WHAT NEEDS TO BE DONE. The expected response is a copy of every line in the entries below that includes the word "online".

[Records excerpted from a collection]
+ + + +
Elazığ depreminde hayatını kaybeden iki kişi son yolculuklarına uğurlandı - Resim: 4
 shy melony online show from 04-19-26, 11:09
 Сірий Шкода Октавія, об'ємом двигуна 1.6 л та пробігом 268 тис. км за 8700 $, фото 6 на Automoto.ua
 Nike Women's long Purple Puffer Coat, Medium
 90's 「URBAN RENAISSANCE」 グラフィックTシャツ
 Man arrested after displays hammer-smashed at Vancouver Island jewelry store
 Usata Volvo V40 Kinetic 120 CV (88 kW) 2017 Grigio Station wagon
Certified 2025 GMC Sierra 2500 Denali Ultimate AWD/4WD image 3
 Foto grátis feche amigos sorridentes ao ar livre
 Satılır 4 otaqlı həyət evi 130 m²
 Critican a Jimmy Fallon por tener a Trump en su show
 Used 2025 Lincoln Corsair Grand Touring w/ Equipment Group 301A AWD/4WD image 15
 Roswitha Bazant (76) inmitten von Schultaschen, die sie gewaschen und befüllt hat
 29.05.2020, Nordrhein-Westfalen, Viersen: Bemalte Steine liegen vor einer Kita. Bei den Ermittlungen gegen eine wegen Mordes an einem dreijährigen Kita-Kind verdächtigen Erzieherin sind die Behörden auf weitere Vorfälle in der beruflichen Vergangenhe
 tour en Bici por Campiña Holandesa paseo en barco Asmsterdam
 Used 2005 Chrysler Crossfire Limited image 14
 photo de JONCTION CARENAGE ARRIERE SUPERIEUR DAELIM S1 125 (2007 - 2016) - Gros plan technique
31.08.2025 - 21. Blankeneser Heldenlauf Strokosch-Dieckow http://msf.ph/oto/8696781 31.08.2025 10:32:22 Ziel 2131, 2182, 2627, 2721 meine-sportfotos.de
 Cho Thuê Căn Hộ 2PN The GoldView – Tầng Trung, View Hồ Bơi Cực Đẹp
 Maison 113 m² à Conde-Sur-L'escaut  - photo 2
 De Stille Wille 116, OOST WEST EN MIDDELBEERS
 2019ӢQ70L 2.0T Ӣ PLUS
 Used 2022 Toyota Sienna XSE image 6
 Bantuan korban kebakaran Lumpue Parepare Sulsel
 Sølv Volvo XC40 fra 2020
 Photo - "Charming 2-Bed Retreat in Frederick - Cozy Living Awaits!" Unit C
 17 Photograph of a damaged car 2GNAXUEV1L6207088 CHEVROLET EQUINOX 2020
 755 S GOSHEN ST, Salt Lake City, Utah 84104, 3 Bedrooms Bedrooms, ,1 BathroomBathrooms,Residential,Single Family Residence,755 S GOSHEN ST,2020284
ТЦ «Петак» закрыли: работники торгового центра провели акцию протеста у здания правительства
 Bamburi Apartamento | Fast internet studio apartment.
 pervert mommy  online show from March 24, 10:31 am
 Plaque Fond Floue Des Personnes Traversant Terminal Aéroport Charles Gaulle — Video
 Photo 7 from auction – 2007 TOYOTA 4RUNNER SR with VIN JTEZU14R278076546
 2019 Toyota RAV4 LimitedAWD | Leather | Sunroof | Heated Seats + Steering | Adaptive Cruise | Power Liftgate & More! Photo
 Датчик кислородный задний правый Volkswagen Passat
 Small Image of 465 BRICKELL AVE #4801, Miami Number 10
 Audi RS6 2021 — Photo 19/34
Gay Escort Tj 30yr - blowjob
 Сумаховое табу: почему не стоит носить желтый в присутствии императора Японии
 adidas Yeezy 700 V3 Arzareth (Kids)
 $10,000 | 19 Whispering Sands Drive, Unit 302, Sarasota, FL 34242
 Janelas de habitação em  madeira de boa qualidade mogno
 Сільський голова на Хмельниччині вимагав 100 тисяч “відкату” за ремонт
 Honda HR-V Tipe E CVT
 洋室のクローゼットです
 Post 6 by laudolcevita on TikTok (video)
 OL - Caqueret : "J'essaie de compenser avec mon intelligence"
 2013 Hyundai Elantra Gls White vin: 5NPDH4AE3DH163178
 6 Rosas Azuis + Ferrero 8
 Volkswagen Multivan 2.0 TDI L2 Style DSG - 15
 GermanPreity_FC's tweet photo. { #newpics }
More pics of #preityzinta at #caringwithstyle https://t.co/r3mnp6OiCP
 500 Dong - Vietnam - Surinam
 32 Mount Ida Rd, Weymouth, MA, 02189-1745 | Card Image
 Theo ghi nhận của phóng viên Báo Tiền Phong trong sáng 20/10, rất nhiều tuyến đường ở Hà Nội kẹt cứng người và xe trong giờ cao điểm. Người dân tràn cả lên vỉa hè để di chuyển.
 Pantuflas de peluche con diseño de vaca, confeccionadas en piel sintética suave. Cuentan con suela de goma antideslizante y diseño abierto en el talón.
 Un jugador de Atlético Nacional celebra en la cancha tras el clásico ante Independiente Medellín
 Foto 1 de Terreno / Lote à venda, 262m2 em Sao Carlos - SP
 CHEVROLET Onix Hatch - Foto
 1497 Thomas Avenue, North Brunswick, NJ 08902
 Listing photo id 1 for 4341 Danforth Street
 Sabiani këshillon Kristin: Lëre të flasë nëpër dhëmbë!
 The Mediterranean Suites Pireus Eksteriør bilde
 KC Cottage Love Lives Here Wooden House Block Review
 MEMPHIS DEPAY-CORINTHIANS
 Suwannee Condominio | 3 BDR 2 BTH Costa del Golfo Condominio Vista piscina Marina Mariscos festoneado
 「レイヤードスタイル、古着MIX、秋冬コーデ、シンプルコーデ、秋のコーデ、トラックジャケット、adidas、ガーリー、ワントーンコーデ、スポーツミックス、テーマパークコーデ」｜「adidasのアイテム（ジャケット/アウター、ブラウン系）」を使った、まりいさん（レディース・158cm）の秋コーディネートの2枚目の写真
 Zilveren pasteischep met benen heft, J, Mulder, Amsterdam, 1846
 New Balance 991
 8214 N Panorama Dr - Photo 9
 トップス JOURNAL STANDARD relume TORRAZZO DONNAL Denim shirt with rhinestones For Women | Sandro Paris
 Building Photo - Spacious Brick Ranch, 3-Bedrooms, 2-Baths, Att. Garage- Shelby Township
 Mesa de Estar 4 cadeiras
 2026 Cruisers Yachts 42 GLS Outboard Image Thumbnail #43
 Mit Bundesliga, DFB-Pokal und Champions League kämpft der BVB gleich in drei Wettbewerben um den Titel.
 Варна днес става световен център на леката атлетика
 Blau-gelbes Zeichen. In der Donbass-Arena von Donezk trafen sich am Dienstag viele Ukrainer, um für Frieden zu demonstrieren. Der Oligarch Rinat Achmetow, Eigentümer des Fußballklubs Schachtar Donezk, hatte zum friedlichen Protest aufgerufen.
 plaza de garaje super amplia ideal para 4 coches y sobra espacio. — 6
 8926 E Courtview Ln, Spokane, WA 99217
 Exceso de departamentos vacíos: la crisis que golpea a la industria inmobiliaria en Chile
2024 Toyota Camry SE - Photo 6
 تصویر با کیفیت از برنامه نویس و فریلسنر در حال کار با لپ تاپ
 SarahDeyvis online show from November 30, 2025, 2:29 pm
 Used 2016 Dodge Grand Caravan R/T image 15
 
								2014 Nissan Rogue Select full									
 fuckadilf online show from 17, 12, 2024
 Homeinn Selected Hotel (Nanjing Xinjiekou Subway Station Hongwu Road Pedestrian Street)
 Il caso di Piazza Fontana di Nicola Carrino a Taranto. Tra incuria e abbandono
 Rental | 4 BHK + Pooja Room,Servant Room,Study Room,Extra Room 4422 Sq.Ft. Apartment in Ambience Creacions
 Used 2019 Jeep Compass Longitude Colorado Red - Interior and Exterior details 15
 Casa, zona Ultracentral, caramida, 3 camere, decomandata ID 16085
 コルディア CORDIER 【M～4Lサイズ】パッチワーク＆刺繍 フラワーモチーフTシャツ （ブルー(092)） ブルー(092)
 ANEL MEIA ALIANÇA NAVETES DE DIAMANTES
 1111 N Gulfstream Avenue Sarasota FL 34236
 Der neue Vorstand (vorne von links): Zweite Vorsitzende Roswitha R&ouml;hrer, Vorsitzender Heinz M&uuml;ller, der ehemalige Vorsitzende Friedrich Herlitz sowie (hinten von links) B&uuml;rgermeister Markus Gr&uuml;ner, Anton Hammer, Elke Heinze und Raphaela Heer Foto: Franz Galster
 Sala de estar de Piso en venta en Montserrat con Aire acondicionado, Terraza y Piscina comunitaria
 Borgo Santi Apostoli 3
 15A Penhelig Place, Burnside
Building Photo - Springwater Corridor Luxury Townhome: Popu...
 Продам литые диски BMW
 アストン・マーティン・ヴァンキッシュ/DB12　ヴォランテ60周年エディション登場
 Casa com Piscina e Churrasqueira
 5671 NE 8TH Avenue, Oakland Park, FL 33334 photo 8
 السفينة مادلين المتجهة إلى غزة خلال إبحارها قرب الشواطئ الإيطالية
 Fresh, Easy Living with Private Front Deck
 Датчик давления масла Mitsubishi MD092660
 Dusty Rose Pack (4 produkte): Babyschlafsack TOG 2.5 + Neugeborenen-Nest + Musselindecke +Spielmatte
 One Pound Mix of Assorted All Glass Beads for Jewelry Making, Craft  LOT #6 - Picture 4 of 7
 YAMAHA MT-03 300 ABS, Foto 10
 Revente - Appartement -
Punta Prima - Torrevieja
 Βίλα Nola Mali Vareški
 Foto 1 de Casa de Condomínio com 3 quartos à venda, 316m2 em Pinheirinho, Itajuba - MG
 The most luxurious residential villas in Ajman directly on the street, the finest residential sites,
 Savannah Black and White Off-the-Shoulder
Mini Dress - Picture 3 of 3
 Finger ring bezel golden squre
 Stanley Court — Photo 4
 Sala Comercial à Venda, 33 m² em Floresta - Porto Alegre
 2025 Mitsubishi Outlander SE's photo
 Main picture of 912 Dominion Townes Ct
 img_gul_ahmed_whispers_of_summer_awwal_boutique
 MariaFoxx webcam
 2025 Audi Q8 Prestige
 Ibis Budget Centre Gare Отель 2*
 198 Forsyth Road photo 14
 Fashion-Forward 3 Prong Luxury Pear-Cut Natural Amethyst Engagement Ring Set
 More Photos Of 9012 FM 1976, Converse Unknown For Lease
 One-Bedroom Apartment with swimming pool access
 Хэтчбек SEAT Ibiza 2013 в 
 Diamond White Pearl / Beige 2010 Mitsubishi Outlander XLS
+ + + +
ANSWER.
 shy melony online show from 04-19-26, 11:09
 pervert mommy  online show from March 24, 10:31 am
 SarahDeyvis online show from November 30, 2025, 2:29 pm
 fuckadilf online show from 17, 12, 2024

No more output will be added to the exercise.